Work to be completed. Restate the following entries exactly, including every line.

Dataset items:

────────────────────

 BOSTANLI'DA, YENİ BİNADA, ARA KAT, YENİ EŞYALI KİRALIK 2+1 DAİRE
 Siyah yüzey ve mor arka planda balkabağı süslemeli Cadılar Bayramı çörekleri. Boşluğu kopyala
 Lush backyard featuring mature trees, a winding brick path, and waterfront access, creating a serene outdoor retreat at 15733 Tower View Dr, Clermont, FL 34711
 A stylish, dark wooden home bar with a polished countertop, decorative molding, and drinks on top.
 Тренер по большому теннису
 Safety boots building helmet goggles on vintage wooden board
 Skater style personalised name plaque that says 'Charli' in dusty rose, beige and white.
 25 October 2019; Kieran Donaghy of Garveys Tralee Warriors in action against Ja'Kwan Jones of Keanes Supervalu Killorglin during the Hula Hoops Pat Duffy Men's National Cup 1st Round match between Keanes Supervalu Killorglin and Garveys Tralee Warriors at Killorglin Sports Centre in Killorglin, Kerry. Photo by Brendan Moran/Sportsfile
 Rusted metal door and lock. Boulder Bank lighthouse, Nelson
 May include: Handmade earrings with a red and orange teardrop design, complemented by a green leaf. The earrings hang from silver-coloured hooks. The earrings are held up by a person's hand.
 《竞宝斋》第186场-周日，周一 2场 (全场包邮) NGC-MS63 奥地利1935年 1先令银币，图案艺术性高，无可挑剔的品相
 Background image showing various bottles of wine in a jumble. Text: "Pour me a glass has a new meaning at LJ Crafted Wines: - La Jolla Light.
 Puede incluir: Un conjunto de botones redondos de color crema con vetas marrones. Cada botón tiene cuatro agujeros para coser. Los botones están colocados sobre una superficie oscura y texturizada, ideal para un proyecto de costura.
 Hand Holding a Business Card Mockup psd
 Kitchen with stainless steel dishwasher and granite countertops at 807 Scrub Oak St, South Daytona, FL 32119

────────────────────

Task result.
 BOSTANLI'DA, YENİ BİNADA, ARA KAT, YENİ EŞYALI KİRALIK 2+1 DAİRE
 Siyah yüzey ve mor arka planda balkabağı süslemeli Cadılar Bayramı çörekleri. Boşluğu kopyala
 Lush backyard featuring mature trees, a winding brick path, and waterfront access, creating a serene outdoor retreat at 15733 Tower View Dr, Clermont, FL 34711
 A stylish, dark wooden home bar with a polished countertop, decorative molding, and drinks on top.
 Тренер по большому теннису
 Safety boots building helmet goggles on vintage wooden board
 Skater style personalised name plaque that says 'Charli' in dusty rose, beige and white.
 25 October 2019; Kieran Donaghy of Garveys Tralee Warriors in action against Ja'Kwan Jones of Keanes Supervalu Killorglin during the Hula Hoops Pat Duffy Men's National Cup 1st Round match between Keanes Supervalu Killorglin and Garveys Tralee Warriors at Killorglin Sports Centre in Killorglin, Kerry. Photo by Brendan Moran/Sportsfile
 Rusted metal door and lock. Boulder Bank lighthouse, Nelson
 May include: Handmade earrings with a red and orange teardrop design, complemented by a green leaf. The earrings hang from silver-coloured hooks. The earrings are held up by a person's hand.
 《竞宝斋》第186场-周日，周一 2场 (全场包邮) NGC-MS63 奥地利1935年 1先令银币，图案艺术性高，无可挑剔的品相
 Background image showing various bottles of wine in a jumble. Text: "Pour me a glass has a new meaning at LJ Crafted Wines: - La Jolla Light.
 Puede incluir: Un conjunto de botones redondos de color crema con vetas marrones. Cada botón tiene cuatro agujeros para coser. Los botones están colocados sobre una superficie oscura y texturizada, ideal para un proyecto de costura.
 Hand Holding a Business Card Mockup psd
 Kitchen with stainless steel dishwasher and granite countertops at 807 Scrub Oak St, South Daytona, FL 32119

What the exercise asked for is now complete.